== RECORDS PROVIDED ==
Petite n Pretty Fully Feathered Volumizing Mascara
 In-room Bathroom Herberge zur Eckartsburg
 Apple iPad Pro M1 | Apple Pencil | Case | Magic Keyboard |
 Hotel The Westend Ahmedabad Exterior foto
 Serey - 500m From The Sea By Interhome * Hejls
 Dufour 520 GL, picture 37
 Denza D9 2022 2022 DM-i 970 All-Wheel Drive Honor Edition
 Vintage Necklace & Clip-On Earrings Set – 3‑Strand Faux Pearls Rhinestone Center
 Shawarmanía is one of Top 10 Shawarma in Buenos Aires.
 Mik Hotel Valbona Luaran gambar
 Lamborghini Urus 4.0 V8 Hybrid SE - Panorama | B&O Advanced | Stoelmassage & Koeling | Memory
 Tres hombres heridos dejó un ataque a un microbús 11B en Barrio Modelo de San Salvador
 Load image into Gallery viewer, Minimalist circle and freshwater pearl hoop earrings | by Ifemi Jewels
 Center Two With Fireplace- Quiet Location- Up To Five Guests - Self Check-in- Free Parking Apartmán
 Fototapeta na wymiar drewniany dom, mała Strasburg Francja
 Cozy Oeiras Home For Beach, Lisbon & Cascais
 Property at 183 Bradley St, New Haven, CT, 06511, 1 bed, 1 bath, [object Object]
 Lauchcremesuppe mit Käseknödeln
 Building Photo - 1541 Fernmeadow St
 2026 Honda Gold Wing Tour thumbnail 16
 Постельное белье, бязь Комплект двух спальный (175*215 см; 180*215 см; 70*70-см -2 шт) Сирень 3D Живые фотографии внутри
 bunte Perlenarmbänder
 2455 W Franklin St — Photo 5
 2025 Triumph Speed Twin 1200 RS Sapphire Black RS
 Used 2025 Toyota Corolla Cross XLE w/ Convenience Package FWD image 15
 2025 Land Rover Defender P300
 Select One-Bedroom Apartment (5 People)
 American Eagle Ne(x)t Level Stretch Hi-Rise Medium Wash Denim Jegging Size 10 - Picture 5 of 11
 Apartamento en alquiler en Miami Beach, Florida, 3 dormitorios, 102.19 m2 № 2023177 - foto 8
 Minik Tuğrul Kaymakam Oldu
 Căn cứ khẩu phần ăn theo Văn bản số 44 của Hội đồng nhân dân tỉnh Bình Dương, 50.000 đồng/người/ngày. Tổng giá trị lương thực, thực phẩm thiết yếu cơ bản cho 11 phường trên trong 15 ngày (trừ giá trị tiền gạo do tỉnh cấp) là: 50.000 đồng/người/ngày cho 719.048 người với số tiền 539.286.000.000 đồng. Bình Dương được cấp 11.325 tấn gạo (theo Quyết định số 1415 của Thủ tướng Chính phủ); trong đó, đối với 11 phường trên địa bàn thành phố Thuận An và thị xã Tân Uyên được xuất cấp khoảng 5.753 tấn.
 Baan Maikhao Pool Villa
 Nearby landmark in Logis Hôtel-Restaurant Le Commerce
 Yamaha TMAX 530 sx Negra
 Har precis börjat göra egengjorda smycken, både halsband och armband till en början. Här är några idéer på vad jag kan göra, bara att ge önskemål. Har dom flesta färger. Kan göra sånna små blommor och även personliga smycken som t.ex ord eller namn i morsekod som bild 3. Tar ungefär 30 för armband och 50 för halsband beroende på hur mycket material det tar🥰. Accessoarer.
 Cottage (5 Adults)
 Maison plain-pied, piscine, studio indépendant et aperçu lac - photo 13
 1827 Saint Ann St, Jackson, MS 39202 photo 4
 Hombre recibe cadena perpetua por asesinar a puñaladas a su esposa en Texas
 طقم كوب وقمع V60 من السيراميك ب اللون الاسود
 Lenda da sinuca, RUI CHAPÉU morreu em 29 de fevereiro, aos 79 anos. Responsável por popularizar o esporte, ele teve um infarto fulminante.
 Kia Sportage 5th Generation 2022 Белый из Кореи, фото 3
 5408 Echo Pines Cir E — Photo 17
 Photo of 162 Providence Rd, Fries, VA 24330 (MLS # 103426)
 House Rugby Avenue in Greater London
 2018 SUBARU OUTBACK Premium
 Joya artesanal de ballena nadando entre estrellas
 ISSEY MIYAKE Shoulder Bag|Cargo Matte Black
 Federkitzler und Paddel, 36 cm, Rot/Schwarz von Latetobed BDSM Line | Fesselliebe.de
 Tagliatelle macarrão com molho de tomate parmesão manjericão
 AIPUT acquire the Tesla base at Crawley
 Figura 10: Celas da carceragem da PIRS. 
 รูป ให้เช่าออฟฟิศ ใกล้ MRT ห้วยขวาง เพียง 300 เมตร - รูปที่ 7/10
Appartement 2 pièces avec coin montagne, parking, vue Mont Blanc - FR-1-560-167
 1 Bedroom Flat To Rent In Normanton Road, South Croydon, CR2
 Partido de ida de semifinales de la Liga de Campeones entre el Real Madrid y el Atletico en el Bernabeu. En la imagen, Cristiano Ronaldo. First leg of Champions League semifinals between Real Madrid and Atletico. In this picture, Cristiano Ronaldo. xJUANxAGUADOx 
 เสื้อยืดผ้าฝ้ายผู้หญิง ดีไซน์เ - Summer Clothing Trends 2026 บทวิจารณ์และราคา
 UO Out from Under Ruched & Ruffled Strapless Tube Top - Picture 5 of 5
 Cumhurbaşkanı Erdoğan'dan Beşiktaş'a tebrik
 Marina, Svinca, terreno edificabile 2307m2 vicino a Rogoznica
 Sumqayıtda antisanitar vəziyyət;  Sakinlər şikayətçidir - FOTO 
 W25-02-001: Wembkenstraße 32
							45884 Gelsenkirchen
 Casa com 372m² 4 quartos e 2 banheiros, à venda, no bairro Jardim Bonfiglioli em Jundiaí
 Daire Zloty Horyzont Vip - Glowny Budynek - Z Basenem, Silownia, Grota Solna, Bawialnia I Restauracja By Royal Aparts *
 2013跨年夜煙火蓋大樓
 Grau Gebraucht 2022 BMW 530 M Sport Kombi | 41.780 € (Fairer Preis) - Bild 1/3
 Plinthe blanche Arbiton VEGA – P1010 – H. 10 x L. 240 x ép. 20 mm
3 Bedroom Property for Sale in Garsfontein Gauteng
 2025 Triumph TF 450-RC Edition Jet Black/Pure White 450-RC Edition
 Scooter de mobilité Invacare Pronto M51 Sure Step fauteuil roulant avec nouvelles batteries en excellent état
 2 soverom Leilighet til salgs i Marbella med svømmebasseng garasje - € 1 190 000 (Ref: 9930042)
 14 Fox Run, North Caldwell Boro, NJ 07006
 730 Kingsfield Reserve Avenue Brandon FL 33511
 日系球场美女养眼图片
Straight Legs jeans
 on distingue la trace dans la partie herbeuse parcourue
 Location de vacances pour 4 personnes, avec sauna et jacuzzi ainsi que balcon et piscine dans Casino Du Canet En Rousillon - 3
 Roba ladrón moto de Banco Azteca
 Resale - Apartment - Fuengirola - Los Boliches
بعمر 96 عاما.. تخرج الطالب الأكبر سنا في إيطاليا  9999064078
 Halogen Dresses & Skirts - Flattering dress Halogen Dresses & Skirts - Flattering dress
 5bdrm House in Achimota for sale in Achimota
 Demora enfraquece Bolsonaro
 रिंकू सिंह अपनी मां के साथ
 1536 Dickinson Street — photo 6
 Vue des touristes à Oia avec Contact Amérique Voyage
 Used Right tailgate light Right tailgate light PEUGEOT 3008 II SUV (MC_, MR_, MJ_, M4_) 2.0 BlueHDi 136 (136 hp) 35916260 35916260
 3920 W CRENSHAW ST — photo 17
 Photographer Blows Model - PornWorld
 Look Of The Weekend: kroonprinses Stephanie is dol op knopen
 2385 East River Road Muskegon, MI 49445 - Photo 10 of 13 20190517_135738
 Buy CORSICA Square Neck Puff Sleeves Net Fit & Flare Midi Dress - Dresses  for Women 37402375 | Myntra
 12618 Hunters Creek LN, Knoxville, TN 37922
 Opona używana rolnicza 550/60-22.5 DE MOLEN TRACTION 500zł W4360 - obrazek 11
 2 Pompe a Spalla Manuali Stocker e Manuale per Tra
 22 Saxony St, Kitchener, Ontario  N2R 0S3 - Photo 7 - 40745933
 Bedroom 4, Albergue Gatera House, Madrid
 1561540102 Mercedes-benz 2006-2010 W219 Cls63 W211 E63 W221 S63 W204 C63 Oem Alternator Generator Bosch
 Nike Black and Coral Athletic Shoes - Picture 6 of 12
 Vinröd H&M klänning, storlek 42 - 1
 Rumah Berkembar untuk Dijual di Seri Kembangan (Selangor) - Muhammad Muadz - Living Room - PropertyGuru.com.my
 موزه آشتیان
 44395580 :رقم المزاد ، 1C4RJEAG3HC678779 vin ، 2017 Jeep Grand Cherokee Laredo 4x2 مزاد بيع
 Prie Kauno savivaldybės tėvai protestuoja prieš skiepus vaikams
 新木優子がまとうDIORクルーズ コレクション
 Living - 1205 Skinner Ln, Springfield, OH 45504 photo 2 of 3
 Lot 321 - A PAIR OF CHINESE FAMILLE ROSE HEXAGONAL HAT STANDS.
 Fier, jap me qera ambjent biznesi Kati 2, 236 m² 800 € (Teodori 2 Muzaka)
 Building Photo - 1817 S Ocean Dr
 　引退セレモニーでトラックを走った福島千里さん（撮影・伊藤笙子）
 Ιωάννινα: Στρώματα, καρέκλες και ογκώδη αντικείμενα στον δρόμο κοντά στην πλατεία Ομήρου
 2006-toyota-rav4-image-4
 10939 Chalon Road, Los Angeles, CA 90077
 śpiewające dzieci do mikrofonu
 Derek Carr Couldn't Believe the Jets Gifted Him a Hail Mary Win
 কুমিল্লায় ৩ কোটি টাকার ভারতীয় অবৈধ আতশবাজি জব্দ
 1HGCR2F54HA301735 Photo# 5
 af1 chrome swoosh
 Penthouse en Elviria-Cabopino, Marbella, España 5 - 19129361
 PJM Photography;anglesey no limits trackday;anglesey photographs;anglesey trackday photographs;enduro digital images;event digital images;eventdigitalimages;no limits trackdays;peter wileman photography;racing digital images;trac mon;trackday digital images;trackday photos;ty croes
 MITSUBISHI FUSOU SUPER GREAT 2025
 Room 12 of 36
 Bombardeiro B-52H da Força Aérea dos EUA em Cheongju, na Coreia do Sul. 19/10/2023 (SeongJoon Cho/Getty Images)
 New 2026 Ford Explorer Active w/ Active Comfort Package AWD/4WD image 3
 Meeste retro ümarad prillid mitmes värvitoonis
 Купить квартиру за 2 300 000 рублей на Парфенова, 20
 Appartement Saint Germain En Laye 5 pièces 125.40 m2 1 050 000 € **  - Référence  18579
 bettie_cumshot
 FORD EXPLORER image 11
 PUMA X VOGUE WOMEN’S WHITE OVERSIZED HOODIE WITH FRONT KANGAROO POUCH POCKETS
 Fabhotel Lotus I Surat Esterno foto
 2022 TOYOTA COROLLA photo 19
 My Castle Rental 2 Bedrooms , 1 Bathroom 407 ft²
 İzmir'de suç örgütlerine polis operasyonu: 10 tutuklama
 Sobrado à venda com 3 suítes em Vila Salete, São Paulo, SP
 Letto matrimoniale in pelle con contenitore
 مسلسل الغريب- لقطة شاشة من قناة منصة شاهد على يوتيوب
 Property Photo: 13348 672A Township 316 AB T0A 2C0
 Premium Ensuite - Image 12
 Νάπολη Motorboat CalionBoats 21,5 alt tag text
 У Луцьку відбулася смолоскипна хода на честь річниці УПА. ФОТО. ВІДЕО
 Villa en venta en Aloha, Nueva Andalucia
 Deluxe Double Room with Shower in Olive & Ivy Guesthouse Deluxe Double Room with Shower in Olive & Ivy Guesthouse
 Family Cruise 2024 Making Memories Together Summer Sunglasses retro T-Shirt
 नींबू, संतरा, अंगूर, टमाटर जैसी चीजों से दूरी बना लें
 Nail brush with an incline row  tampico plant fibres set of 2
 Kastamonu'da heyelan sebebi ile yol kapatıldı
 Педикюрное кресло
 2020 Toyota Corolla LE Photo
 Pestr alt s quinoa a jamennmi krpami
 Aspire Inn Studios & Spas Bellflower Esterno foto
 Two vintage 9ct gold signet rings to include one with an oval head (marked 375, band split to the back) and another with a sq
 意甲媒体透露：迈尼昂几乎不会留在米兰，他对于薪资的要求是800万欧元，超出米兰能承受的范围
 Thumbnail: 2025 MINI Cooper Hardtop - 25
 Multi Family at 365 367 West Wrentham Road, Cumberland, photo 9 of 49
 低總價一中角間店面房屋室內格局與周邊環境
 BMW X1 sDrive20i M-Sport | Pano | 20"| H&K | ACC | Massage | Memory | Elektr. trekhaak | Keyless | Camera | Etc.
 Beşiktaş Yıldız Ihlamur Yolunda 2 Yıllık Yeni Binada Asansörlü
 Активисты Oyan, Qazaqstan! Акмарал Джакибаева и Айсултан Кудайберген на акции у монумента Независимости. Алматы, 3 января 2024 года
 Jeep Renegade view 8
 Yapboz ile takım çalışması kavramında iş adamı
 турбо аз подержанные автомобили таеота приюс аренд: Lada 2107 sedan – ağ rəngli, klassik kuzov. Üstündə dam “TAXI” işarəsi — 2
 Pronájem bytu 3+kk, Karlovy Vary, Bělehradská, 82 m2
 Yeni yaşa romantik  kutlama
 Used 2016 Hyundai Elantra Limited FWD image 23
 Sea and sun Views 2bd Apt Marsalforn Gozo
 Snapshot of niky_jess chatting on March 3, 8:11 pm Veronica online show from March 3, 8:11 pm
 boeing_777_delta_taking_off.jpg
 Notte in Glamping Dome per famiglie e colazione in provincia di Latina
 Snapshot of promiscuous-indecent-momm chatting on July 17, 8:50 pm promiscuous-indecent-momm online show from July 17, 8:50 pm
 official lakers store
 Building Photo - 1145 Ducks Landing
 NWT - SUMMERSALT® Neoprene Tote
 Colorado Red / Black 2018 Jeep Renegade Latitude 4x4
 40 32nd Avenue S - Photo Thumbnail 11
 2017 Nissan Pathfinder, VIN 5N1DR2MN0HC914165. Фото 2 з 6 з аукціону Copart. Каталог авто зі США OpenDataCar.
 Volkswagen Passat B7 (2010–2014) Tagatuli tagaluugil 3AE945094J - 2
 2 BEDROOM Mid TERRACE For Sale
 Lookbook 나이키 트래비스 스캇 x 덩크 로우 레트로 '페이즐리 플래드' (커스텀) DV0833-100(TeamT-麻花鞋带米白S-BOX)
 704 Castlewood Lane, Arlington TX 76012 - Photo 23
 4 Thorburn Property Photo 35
===
Each line above that contains the word "Apartment" must be copied.

 Select One-Bedroom Apartment (5 People)
 Resale - Apartment - Fuengirola - Los Boliches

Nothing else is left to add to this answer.